Pontinus tentacularis

Scientific classification
- Kingdom: Animalia
- Phylum: Chordata
- Class: Actinopterygii
- Order: Perciformes
- Family: Scorpaenidae
- Genus: Pontinus
- Species: P. tentacularis
- Binomial name: Pontinus tentacularis (Fowler, 1938)
- Synonyms: Nemapontinus tentacularis Fowler, 1938; Pontius tentacularis (Fowler, 1938);

= Pontinus tentacularis =

- Authority: (Fowler, 1938)
- Synonyms: Nemapontinus tentacularis Fowler, 1938, Pontius tentacularis (Fowler, 1938)

Species of fish

Pontinus tentacularis is a species of marine ray-finned fish belonging to the family Scorpaenidae, the scorpionfishes. It is found in the Indian and western Pacific Oceans.

==Taxonomy==
Pontinus tentacularis was first formally described in 1938 by the American ichthyologist Henry Weed Fowler with the type being collected in region of northern Mindanao in the Philippines. This species is thought by some authorities to be conspecific with P. rhodochrous and maybe P. macrocephalus. The specific name tentacularis means "having tentacles", a reference to the tentacles above the eyes.

==Description==
Pontinus tentacularishas an oval shaped compressed, body with a compressed head with a large mouth. The body has a depth which is just over a quarter of its standard length. There are well developed spines on the head and there are elongated supraorbital tentacles. The dorsal fin has 12 spines and 9 soft rays, the soft rayed part of the dorsal fin is rounded, The anal fin has 3 spines and 5 soft rays. The caudal fin is rounded. The colour is brown with darker and lighter shading with 5 dark saddle marks along the back but these do not extend onto the dorsal fin. The fins are light brown and the supraorbital tentacle is blackish.

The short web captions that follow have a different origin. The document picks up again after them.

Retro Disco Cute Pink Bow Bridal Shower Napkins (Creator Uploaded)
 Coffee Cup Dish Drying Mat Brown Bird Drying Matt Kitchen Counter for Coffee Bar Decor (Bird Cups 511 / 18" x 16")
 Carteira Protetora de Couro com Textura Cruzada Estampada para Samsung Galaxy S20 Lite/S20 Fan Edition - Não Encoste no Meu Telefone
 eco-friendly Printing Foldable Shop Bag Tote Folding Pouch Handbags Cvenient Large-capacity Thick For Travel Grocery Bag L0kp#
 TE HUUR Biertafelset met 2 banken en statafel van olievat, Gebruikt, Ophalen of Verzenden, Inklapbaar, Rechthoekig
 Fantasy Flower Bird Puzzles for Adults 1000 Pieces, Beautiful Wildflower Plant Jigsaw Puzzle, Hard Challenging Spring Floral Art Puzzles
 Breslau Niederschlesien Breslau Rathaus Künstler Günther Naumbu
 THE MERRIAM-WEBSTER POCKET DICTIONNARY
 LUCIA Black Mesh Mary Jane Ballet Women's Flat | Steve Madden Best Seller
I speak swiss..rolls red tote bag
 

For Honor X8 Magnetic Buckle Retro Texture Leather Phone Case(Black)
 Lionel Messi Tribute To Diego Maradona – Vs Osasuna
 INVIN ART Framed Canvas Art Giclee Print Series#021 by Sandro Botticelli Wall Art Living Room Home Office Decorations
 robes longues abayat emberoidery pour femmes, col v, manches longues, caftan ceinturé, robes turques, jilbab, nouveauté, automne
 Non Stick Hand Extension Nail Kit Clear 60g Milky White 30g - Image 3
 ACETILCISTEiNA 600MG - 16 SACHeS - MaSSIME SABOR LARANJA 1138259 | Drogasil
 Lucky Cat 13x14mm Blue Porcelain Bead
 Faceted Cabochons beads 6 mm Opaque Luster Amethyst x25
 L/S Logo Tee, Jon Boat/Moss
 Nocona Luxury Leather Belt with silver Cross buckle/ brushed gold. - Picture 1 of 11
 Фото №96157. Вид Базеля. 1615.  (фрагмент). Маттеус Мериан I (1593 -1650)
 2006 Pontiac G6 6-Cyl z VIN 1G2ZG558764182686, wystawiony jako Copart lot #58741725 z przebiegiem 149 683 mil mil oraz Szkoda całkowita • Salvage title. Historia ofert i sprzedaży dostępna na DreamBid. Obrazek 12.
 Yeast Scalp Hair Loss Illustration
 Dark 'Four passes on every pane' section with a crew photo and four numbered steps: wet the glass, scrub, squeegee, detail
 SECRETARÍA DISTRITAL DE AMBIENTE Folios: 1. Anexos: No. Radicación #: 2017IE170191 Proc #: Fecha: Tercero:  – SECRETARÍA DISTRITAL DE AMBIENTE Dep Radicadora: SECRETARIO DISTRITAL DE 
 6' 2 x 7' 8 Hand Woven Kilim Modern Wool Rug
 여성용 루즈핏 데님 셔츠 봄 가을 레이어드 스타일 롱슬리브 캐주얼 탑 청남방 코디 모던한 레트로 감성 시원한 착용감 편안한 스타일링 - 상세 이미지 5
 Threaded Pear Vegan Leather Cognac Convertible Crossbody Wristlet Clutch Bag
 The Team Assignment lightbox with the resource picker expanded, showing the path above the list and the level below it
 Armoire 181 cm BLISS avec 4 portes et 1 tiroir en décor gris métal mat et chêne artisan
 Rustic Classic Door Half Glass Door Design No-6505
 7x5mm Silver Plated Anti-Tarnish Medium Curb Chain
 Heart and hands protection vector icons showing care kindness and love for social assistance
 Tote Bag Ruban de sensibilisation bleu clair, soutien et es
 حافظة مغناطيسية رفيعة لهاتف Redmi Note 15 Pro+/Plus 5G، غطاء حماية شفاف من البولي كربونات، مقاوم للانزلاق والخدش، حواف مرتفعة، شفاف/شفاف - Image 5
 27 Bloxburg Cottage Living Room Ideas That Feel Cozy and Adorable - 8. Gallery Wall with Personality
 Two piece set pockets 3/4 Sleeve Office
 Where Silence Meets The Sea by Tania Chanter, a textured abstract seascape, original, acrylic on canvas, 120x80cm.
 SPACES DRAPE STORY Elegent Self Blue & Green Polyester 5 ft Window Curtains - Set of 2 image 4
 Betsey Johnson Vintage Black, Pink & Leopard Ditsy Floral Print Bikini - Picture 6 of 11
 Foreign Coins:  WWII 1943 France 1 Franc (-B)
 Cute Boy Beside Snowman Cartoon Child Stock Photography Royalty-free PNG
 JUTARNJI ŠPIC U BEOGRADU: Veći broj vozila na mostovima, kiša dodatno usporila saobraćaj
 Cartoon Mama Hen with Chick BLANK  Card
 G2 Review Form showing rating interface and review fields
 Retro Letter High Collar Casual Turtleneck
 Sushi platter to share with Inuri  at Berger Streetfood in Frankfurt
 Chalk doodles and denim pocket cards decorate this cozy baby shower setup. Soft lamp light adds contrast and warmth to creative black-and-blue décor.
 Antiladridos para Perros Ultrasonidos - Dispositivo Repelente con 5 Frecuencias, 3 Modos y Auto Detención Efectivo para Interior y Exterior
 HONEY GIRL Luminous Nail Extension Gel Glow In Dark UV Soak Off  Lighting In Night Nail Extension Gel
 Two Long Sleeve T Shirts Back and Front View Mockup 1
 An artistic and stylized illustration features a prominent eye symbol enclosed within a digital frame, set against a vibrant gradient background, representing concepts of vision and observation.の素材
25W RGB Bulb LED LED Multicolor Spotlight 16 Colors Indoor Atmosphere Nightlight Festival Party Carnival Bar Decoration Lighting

==Distribution and habitat==
Pontinus tentacularis is found in the Indian Ocean from the Réunion and Mauritius east to the Philippines in the western Pacific Ocean. It is a marine demersal fish which lives at depths between 170 and 600 m. This species occurs over seamounts and knolls.

==Observations==
Pontinus tentacularis is harmless for humans.

==Bibliography==
- Anonymous, 2001. Database of the collection of fishes of the National Museum of Natural History (Smithsonian Institution). Smithsonian Institution - Division of Fishes.
- Wu, H.L., K.-T. Shao And C.F. Lai (eds.), 1999. Latin-Chinese dictionary of fishes names. The Sueichan Press, Taiwan.